BMY 14802 was identified as a potential antipsychotic drug in traditional model systems, and this identification was confirmed in modern behavioral and electrophysiological systems. The drug appears to be atypical as an antipsychotic in its lack of activity in models predictive of the potential to produce extrapyramidal side effects and tardive dyskinesia. Indeed, this suggestion is corroborated by clinical findings to date. The atypical profile of BMY 14802 extends to its neurochemical actions and appears to find its basis in regionally selective, indirect modulation of the dopamine system. Furthermore, BMY 14802 exhibits interactions with sigma binding sites in vitro and in vivo, a notion supported by data from neurophysiological, behavioral, and biochemical investigations. BMY 14802 also appears to be neuroprotective in some model systems and may have utility in the treatment of stroke (Boissard et al. 1991). BMY 14802 appears to interact with 5-HT1A receptors, but this interaction does not seem to contribute significantly to the potential antipsychotic actions of the drug. Moreover, the formation of active metabolites of BMY 14802 does not appear to occur in animals or humans to an extent of physiological or behavioral relevance. If clinically efficacious, BMY 14802 may treat the symptoms of schizophrenia by a mechanism novel for antipsychotic drugs: regionally selective, indirect modulation of dopaminergic systems by specific interaction at sigma sites.

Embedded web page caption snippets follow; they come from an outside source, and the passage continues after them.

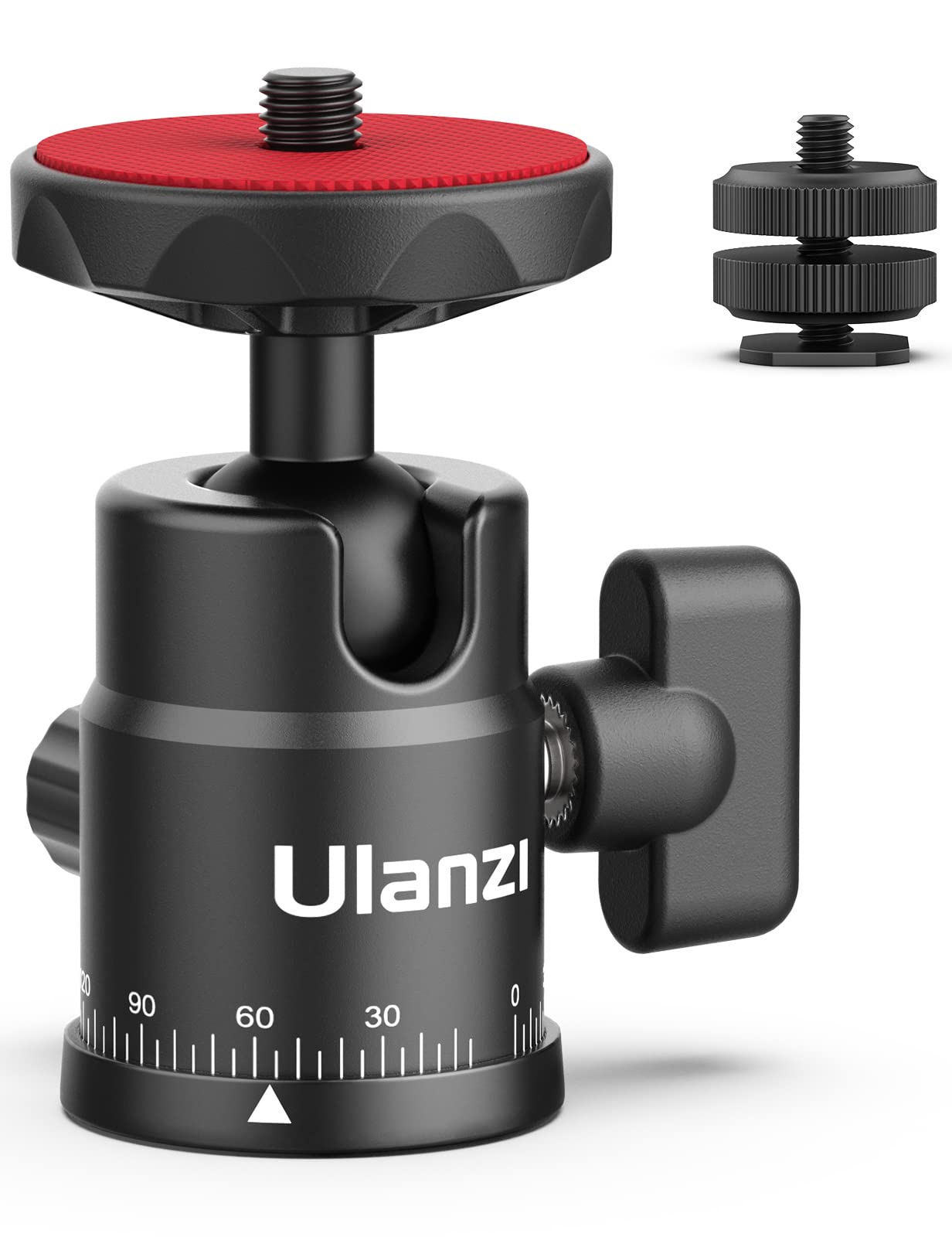 Ulanzi Select Mini Ball Head, Ulanzi H28 Panoramic Tripod Head + Dual Hot Shoe Mount Dslr Camera Mount Adapter Photograph Attachment Accessories For Action Cameras Cam Smartphone Light Microphone Loading 5.5Lb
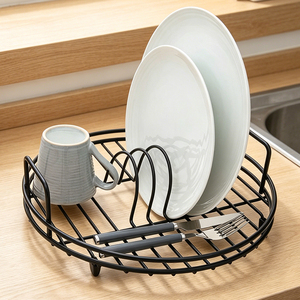 Estante de Almacenamiento y Secado de Platos para Armario de Cocina, Estilo Vintage, de Acero Inoxidable - Product Image 4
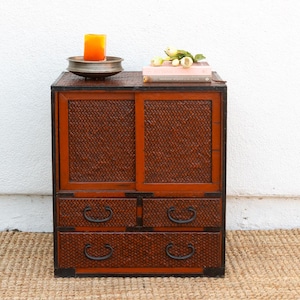 Mid-Century Japanese Faux Bamboo Tansu Chest, Vintage Japanese Tansu Nightstand, Mid-Century Modern Tansu Bedside Cabinet,Cabinet Side Table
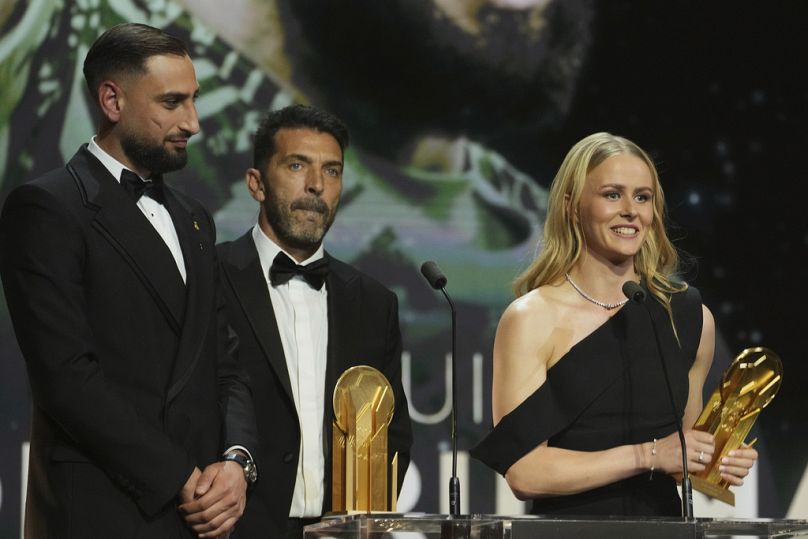 Chelsea's Hampton and Man City's Donnarumma receive the Yashin Trophy during the 69th Ballon d'Or award ceremony at Theatre du Chatelet in Paris, Monday, Sept. 22, 2025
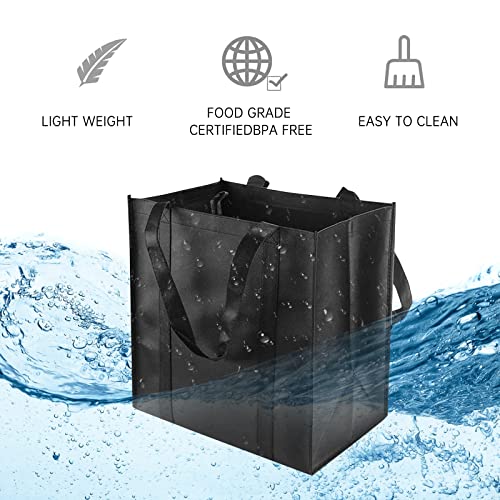 smtfcty Einkaufstasche Faltbar 2 Stück Schwarze ehr große Tragetasche mit Tragegriffen, 38 x 35 x 25 cm Einkaufstasche mit langem Henkel perfekt als Tote bag, Stoffbeute Damen Shopper Handtasche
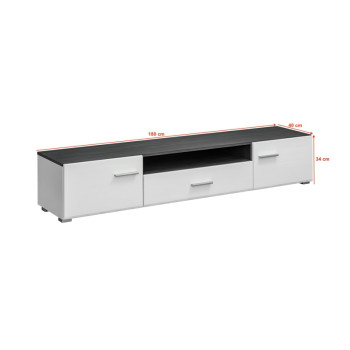 TV plaukts SOLIDO TWIN Norvēģijas priedes melns/balts spīdīgs MDF TV plaukts SOLIDO TWIN Norvēģijas priedes melns/balts spīdīgs MDF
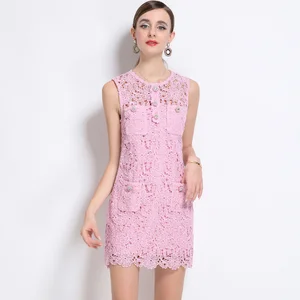 New Arrival Women Casual Sleeveless Natural Waist Woven Breathable O-Neck Hollow Lace Elegant Dresses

BMY 14802在传统模型系统中被鉴定为一种潜在的抗精神病药物,并且这一鉴定在现代行为和电生理系统中得到了证实。作为一种抗精神病药物,该药物似乎是非典型的,因为它在预测产生锥体外系副作用和迟发性运动障碍可能性的模型中缺乏活性。事实上,迄今为止的临床研究结果证实了这一推测。BMY 14802的非典型特征扩展到其神经化学作用,并且似乎基于对多巴胺系统的区域选择性间接调节。此外,BMY 14802在体外和体内均表现出与σ结合位点的相互作用,神经生理学、行为学和生物化学研究的数据支持了这一观点。BMY 14802在某些模型系统中似乎还具有神经保护作用,可能对中风治疗有用(布瓦萨尔等人,1991年)。BMY 14802似乎与5-HT1A受体相互作用,但这种相互作用似乎对该药物的潜在抗精神病作用没有显著贡献。此外,BMY 14802的活性代谢产物在动物或人类中的形成似乎未达到具有生理或行为相关性的程度。如果在临床上有效,BMY 14802可能通过一种抗精神病药物的新机制来治疗精神分裂症症状:通过在σ位点的特异性相互作用对多巴胺能系统进行区域选择性间接调节。